また、相撲界の閉鎖的組織に代表されるように、過去の勝負の勝者で組織を固める日本のやり方が多くの問題をはらんでいる。
過去の実績が権威の源となり、権威者を頂点とする閉鎖的組織が形成され、組織の理論が世間の常識から離れたことに気づかず、結局、精神の健全性はどこかへ追いやられてしまう。審査にあたり金銭を授受した剣道連盟の審査員たちは最高位の八段範士だそうだが、それが武士道精神に反しているとは思わなかったのだろうか。
そもそもスポーツとは何かを考える必要がある
違法カジノ店での賭博の不祥事で活動を制限されたバトミントンの桃田賢斗選手が8月の世界選手権(中国・南京)で日本男子初となる金メダルを取り復活した。デイリースポーツ(7月25日付)のインタビューによれば、謹慎中に、所属するNTT東日本の人事総務課で事務作業に携わり、心を入れ替えたという。入社以来、遠征に行っていて、会社がどんな仕事をしているか知らず、謹慎を経て会社や周囲への感謝の気持ちが強くなったと語った。

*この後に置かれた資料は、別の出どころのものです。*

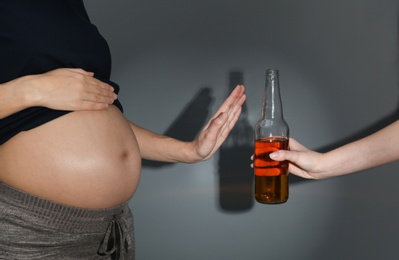 Photo of Pregnant woman declining whiskey on dark background. Alcohol harm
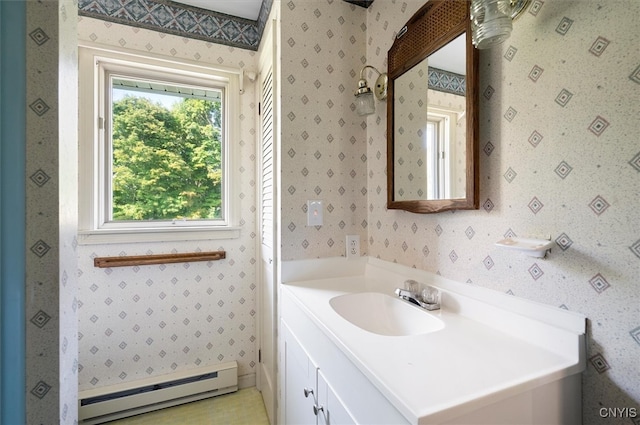 bathroom featuring vanity and baseboard heating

桃田選手は、今回のアジア大会で出場したシングルスでは惜しくも3回戦で敗れたが、東京オリンピックでの活躍が期待されている。
スポーツは力で勝つものだ。しかし、そこには公正なルールが必要だし、そもそもスポーツが成り立つのはそれを支える多くの人々がいるからだ。そうしたことを学ぶのがスポーツのはずなのだが、そうはなっていない現状は嘆かわしい。
そもそもスポーツとは何なのか。2020年の東京オリンピック・パラリンピックを前にもう一度考える必要がある。